Everything’s Bigger in Texas – Including Playa Lakes
Playa lakes are a type of shallow wetland that typically form after rainfall. They can be found across the Southern High Plains, in states such as Oklahoma, New Mexico, Colorado, and Kansas – but the highest density of playas can be found in Texas. Up to 30,000 playa lakes can be found in this region, with many in west Texas. Most playas are smaller than 30 acres, but some can be as large as 800 acres.
Why care about playa lakes?
Playa lakes are a critical source of water in a region that receives less than 20 inches of rainfall on average every year. They are an important source of groundwater recharge for the Ogallala aquifer. Aquifers can be thought of as a vast underground reservoir of water, and the Ogallala aquifer is the biggest in the country. In 2013, the Ogallala dropped nearly one and a half feet. Lying under 225,000 square miles across the Great Plains, the Ogallala aquifer provides 30 percent of all groundwater used for irrigation and an estimated 2 million people rely on it as a source of their drinking water. In addition to recharging the Ogallala aquifer, playa lakes help to store floodwaters and provide critical habitat [PDF] for millions of shorebirds and waterfowl such as sandpipers, ducks, and cranes that stop along the playas on their migration routes.
Are playa lakes protected under the Clean Water Act?
The Army Corps of Engineers and the Environmental Protection Agency (EPA) recently released a draft Clean Water Rule to reduce uncertainty surrounding what types of waters are and are not protected under the Clean Water Act.
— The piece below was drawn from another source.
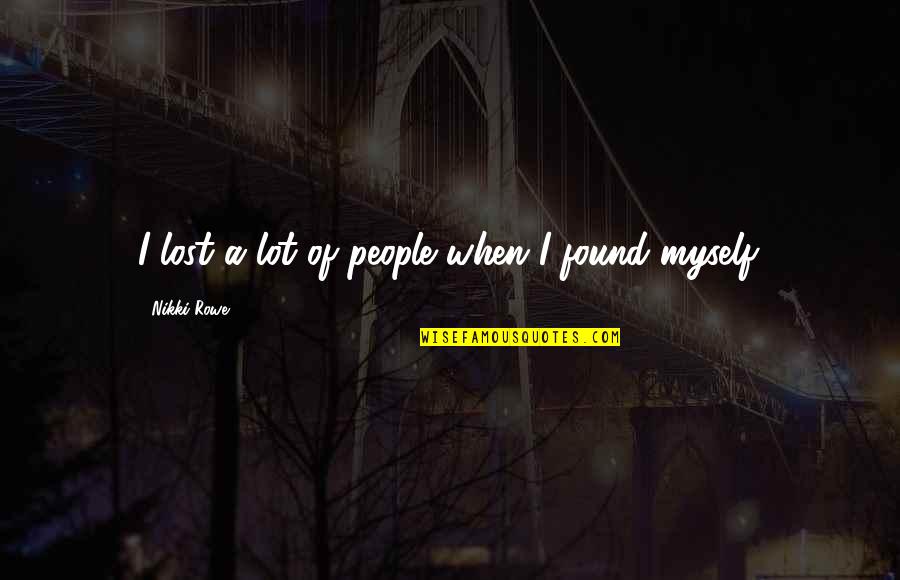 I Lost Myself Quotes By Nikki Rowe: I lost a lot of people when I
When the Clean Water Act was enacted in 1972, it was interpreted broadly to provide comprehensive protections. However, two Supreme Court cases in 2001 and 2006 put protections for small streams and wetlands into question. The result has been declining enforcement and increasing uncertainty about what waters are actually protected.
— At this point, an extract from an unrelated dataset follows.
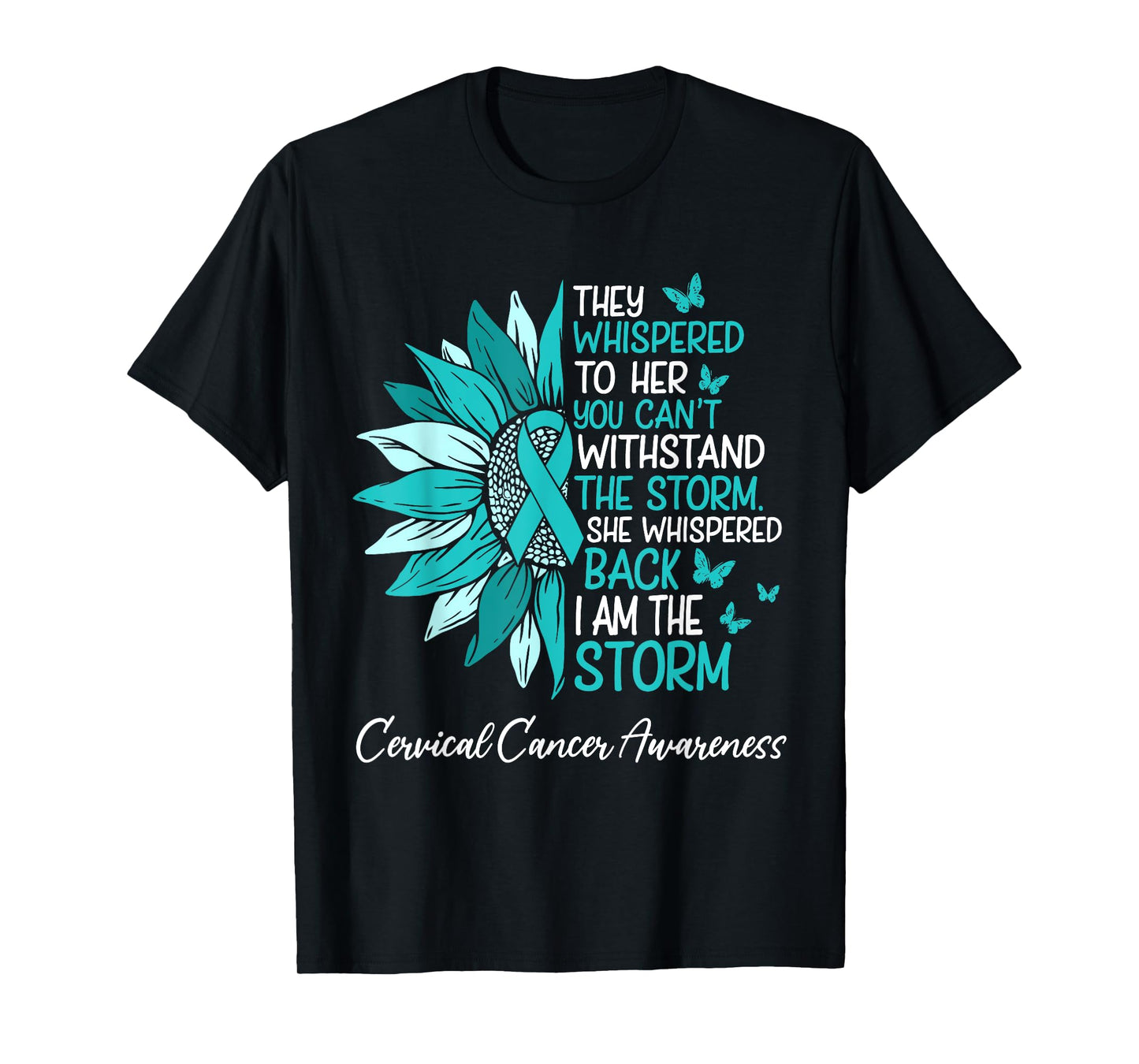 Motivation Cervical Cancer Awareness Sunflower Support Teal T-Shirt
Similar to prairie potholes, right now it’s unlikely that playa lakes would be protected. This means that there would be no limits set or permits required for polluters to fill in or damage playa lakes. Although they are sometimes considered “geographically isolated” [PDF] wetlands, playa lakes demonstrate a range of connections from providing critical habitat in the Southern High Plains region to helping store floodwaters.
The proposed Clean Water Rule acknowledges these connections and sets up a process where playa lakes and similar “other waters” that lie outside of the floodplain can be protected under the Clean Water Act. These waters collectively with other similar waters must demonstrate a significant connection to downstream waters, meaning that those waters have a more than speculative impact on the chemical, physical, and biological integrity of downstream protected waters. Although playa lakes aren’t categorically protected right now under the draft rule, the EPA and the Army Corps are looking for input about whether they should be.